[How-To] Use AWX and Ansible for Automation & SFC in a multi-tenant Edge & DC environment

Ansible is a powerful automation tool, widely used by administrators for the automation of configuration and management of servers.

It started being adopted by network engineers as a tool for automation of configuration and management of networking devices (bare metal or virtual). Steps of the specific automated process are implemented as tasks, defined in YAML format. Tasks can be grouped into roles with other tasks and are executed as so-called plays, defined in another YAML file called playbook.

Playbooks also associate definitions of variables and list of hosts, where the roles and tasks will be performed. All of the mentioned (tasks, roles, playbooks, variables, hosts) can be specified as YAML files with a well-defined directory structure.

This makes Ansible suitable to be used as a base of Infrastructure as Code (IaC) approach to configuration management and orchestration in the telco industry, data centers (orchestration of virtualization and networking) & many more.

Figure A: An Ansible Playbook example structure

Ansible playbook structure

AWX provides UI and REST API on top of Ansible and also adds the management of inventories (lists of hosts and groups of hosts), credentials (SSH & more) integration with CVS (Code Versioning Systems, e.g.: Git).

In AWX, you can define job templates, which associates playbooks with repositories, credentials, configuration, etc. and you can execute them. The job templates can be used to build graphs, defining the order of execution of multiple job templates (sequentially or in parallel). Such graphs are called workflows and they can use job templates & other workflows as graph nodes.

Figure B: AWX WorkFlow and Job Templates

AWX WorkFlow and Job Templates

In our previous blogs, we have demonstrated the usage of SDN controller based on lighty.io as a controller of OVSDB capable devices and OpenFlow switches.

In this article, we’re going to describe some example Ansible playbooks and Ansible modules, using an SDN controller based on lighty.io. We will also be orchestrating Open vSwitch instances as a networking infrastructure of core data centers and edge data centers. This way, we are able to build solutions, utilizing Service Functions (SFs) and Service Function Chaining (SFC), which are dedicated to a specific tenant or particular service.

 

Figure 1: Data Center Simulation Setup

Data Center Simulation Setup

In the above Figure 1, we can see a topology of the testing setup, where 3 virtual machines are running in a Virtual Box and connected into an L2 switch, representing the underlay network.

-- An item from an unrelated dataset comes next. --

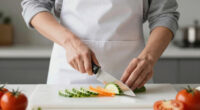 8 Best Chef Knives for Meal Prep in 2026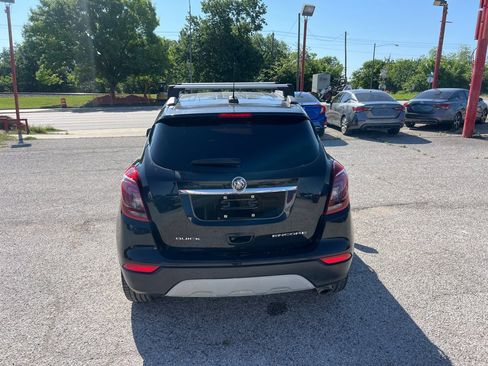 Used 2018 Buick Encore Preferred FWD image 6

Each VM has an IP address, configured from the same subnet. The two VMs simulate data centers or servers respectively. In each DC VM, there is an Open vSwitch installed and running without any configuration (using the default configuration, which will be overridden by our SDN controller), together with ovs-vsctl and ovs-ofctl utilities.

In the management VM, Ansible and AWX are installed & running. Also, an SDN controller based on lighty.io. using OVSDB and OpenFlow Southbound plugins and a RESTCONF northbound plugin is in the same VM.

This way, it is possible to use the SDN controller to manage and configure Open vSwitch instances over the HTTP REST API – according to RESTCONF specification and YANG models of OVSDB and OpenFlow plugins. See the implementation of Ansible roles and Ansible module for more details regarding specific RESTCONF requests usage.

In addition to the RESTCONF requests, Ansible uses also CLI commands over SSH to create namespaces, veth links and to connect them with a bridge instance created in respective Open vSwitch instance. OpeFlow flows are used as for configuration of rules forwarding packets from one port of virtual bride to another (and vice versa). All flow configurations are being sent as RESTCONF requests to the SDN controller which forwards them to the specific bridge of specific Open vSwitch instance.

Starting our Datacenters

We will also use a simple testing command for each DC VM. The command sends 3 ICMP echo requests from the tenant’s namespace, to the other tenant’s namespace in another DC VM. The requests are being sent in an infinite loop (using the watch command). Therefore, at first, they will show that the namespaces don’t exist (because they really don’t, according to Figure 1).

But after the successful provisioning and configuration of the desired virtual infrastructure, they should show that the ping command was successful, as we will demonstrate later.

Figure 2 and Figure 3 show an example of the output of the testing commands.

DataCenter-1:

watch sudo ip netns exec t1-s1 ping -c 3 10.10.1.2

Figure 2 for DataCenter-1

DataCenter-2:

watch sudo ip netns exec t1-s2 ping -c 3 10.10.1.1

Figure 3 for DataCenter-2

The playbooks and the Ansible module made for this demo can be executed directly from CLI (see README.md) or used with AWX. We have made a workflow template in AWX, which executes playbooks in the correct order. You can see the graph of execution in Figure 4:

Figure 4: Graph of Playbook Execution

Tenant provisioning with SFC and vFW SF workflow execution

After successful execution of the workflow, we have a provisioned and configured network namespace in each DC VM, which is connected to the newly created bridge in each respective Open vSwitch. There’s also another namespace in DC-1 VM which is connected to the bridge while using two veth links.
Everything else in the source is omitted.